Madame Toubab or My Life in Peace Corps Mauritania
Saturday, April 19, 2014
Sunday, August 23, 2009
Peace Corps Suspends Volunteer Program in Mauritania
Peace Corps Statement on the Suspension of the Volunteer Program in Mauritania:
The Peace Corps has suspended its Volunteer program in Mauritania due to safety and security concerns. All Peace Corps/Mauritania Volunteers are currently in Senegal; they will not be returning to Mauritania. Although it is the agency’s position that the Volunteers are relatively safe in their communities and villages, it is potentially dangerous for them to travel safely in the country.
Both the Peace Corps and the U.S. Embassy in Nouakchott will continue to monitor the safety and security situation in Mauritania. The Peace Corps will continue to assess the situation and determine when the security conditions on the ground permit the safe return of Volunteers. The Peace Corps office in Nouakchott will remain open and all staff will continue to report to work.
All Peace Corps/Mauritania Volunteers, if eligible, will be given an option to continue their service with Peace Corps in another country. They can also elect to return to the U.S.
The Peace Corps has enjoyed a long history of successful partnerships with the communities of Mauritania since 1967.
Thursday, June 25, 2009
African al-Qaeda 'killed' US man BBC
Al-Qaeda's North Africa branch has claimed responsibility for the killing of an American aid worker shot dead in Mauritania, al-Jazeera TV reports.
The Arab satellite channel said it had received an audio message in which the group said it had killed 39-year-old Christopher Leggett on Tuesday.

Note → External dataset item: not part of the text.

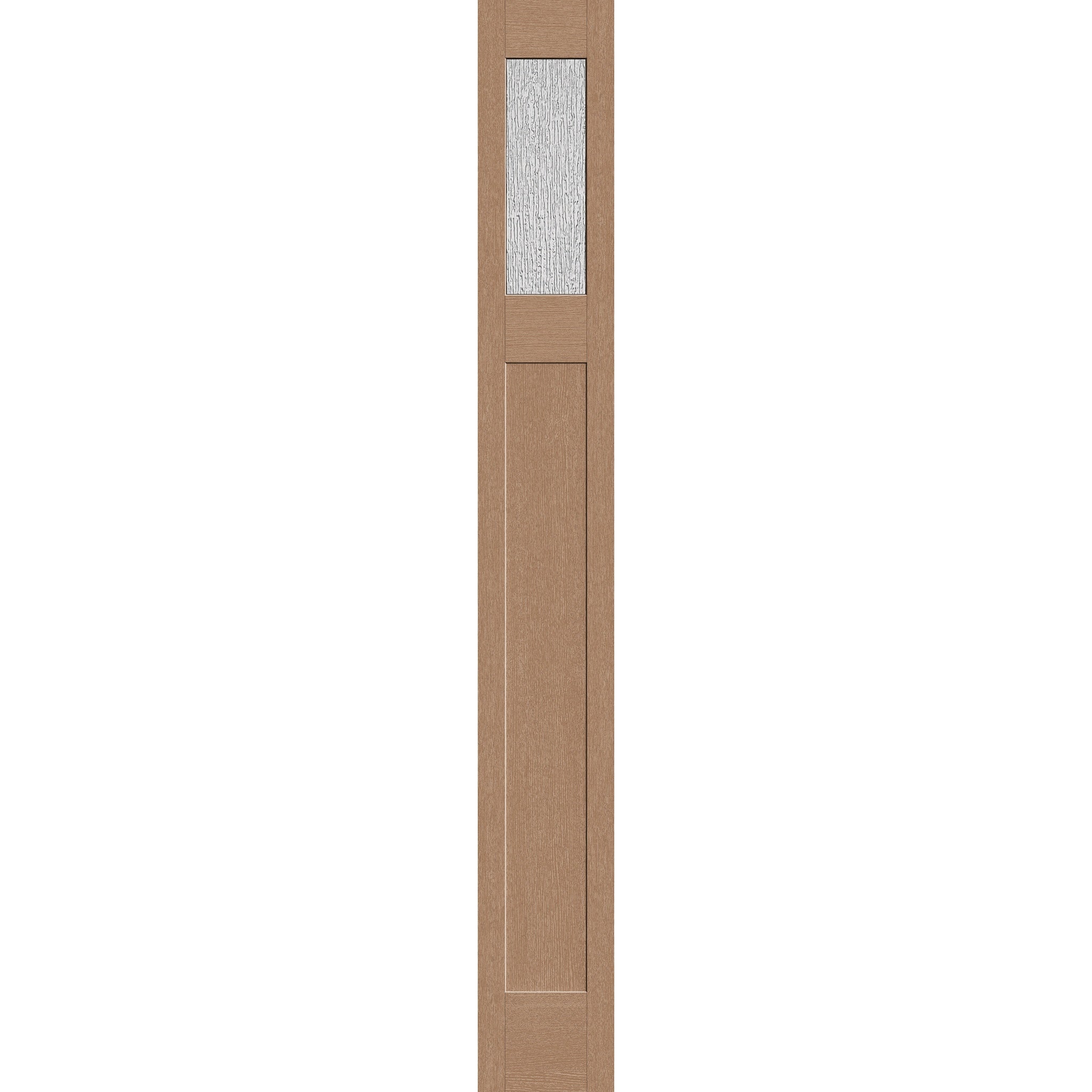 Rain flush glazed fiberglass sidelite panel, Craftsman, 12" x 96", tan woodgrain finish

Al-Qaeda in the Islamic Maghreb said it had targeted Mr Leggett for allegedly spreading Christianity in the country.
Al-Jazeera said it could not verify the authenticity of the message.

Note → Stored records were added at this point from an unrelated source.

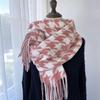 Women's Medium-Length Houndstooth Scarf - Warm, Sweet Style, Imitation Cashmere, Tassel Snood, Thick Shawl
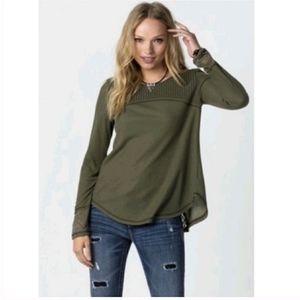 Miss Me Olive Green Waffle Knit & Lace Top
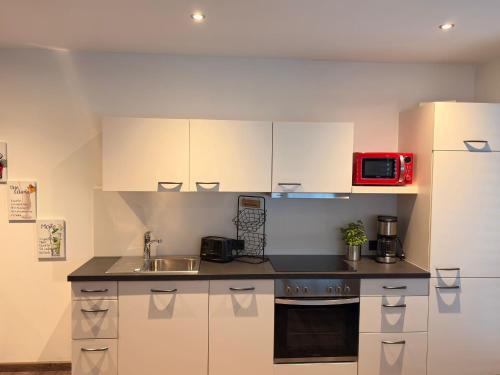 a kitchen with white cabinets and a sink and a microwave at APART six-o-nine in Schwendau
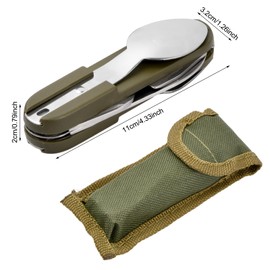 Wisebom Pack of 2 Stainless Steel Camping Cutlery, 8-in-1 Stainless Steel Folding Cutlery Portable Travel Cutlery for Hiking Picnic Travel (Green)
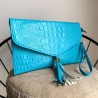 Clutch Bag color Croco Aqua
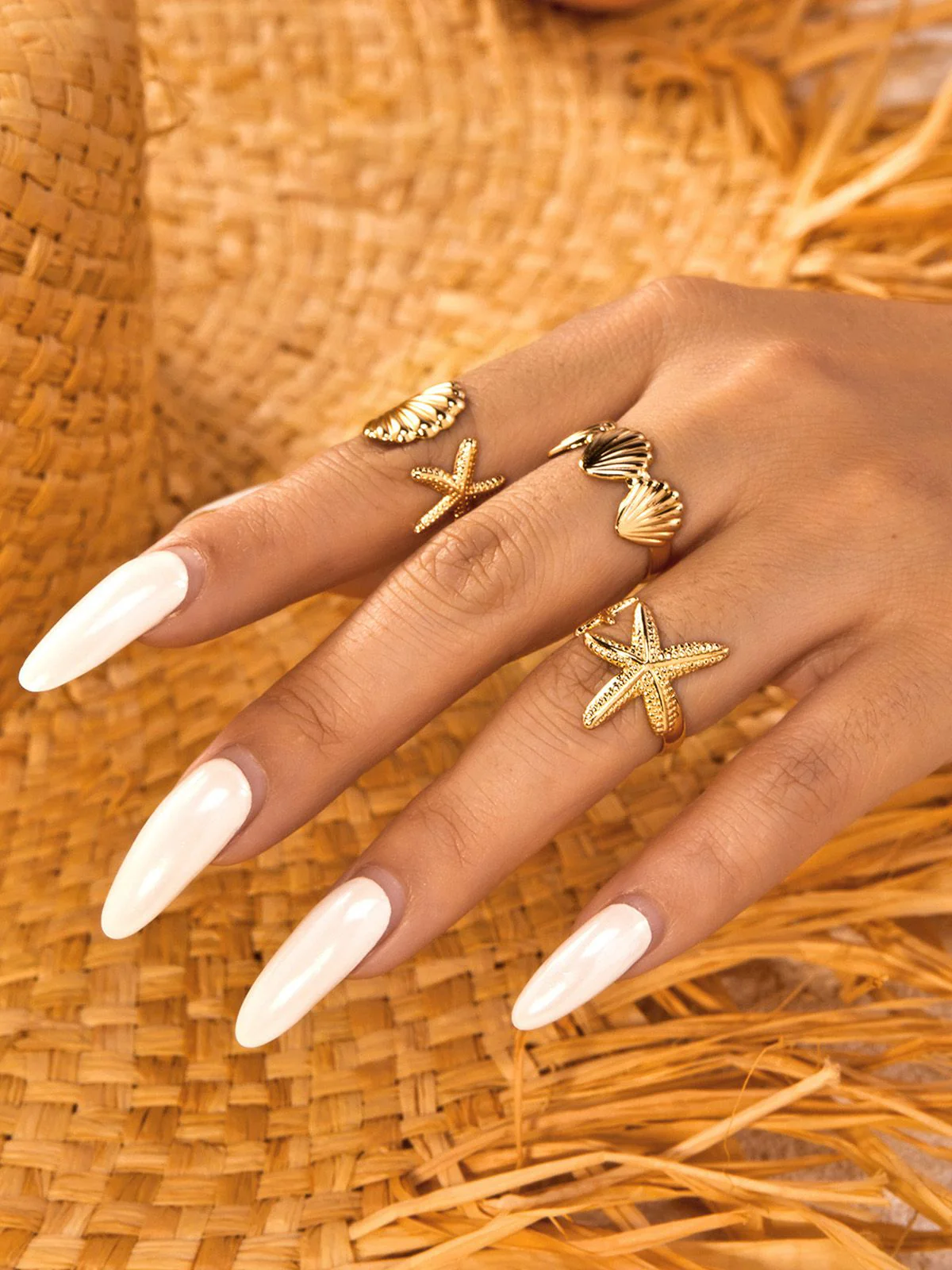 Gold Muschel Seestern Ringe Set - Image 3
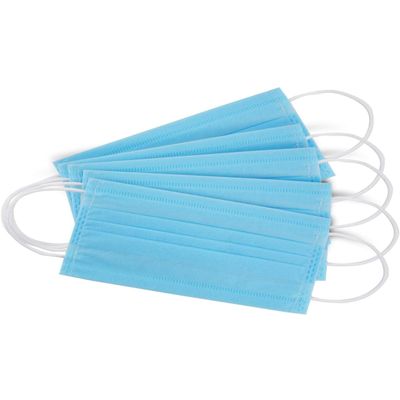 Disposable Face Masks, Light Blue, 3-Ply with Elastic Ear Loops, Pack of 6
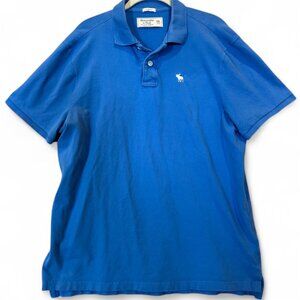 Abercrombie & Fitch Blue Classic Fit Polo Shirt Moose Logo Embroidery XXL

"Two knights of the Islamic Maghreb succeeded Tuesday morning at 8 a.m. to kill the infidel American Christopher Leggett for his Christianising activities," the group was reported to have said.
Unidentified gunmen ran up to Mr Leggett in the Mauritanian capital, Nouakchott, on Tuesday and shot him several times, witnesses said.
Mr Leggett, who grew up in Cleveland, Tennessee, taught at a centre specialising in computer science and languages in a working-class neighbourhood of the city, the Associated Press reported.
Al-Qaeda in the Islamic Maghreb is most active in Algeria, where it grew out of the remnants of the country's Islamist insurgency.
The group has also been blamed for attacks in neighbouring countries such as Mali and Niger, including the killing of a British hostage in northern Mali earlier this month.
In Mauritania, the former government said the group killed four French tourists in December 2007 - an attack that prompted the cancellation of the Paris-Dakar car rally.
The authorities also blamed the group for attacking the Israeli embassy in the capital, Nouakchott, in February last year.
http://news.bbc.co.uk/go/pr/fr/-/2/hi/africa/8118328.stm
Published: 2009/06/25 09:33:50 GMT
Sunday, June 21, 2009
On the Road Again
However, I concluded my tour with one of the worst travel days ever. Carl, a region mate, really, really wanted to try to the new ,daily, a/c bus that has started between Nouakchott and Atar. It is the same price as a taxi and you are guaranteed your own seat, AC and free, unlimited luggage. I was skeptical. This is Africa and a guarantee works quite different here. A guarantee usually comes with an Inshallah. We might advertise one thing, but you can't really expect to get it.
Shockingly, there was no working a/c, just a warm fan slightly blowing. That coupled with a mild sand storm and record heat, made the trip just a little slice of heaven. For some reason, tons of sand was coming through the crevasses of the bus creating a mini sandstorm within, for the entire 7 hour trip. I was coated with a layer of crust by the time I finally made it home. About mid way, I had no clean area of skin or fabric with which to wipe my eyes. I am still trying to clear my sinuses and lungs today but my exposed skin is soft as silk. To be fair, I did have my own seat and all of the luggage I could carry at no extra charge. However, at one of the police stops we had to pull out all of this unlimited luggage for the 55 people on board so that they could search most of it (during a mild sand storm).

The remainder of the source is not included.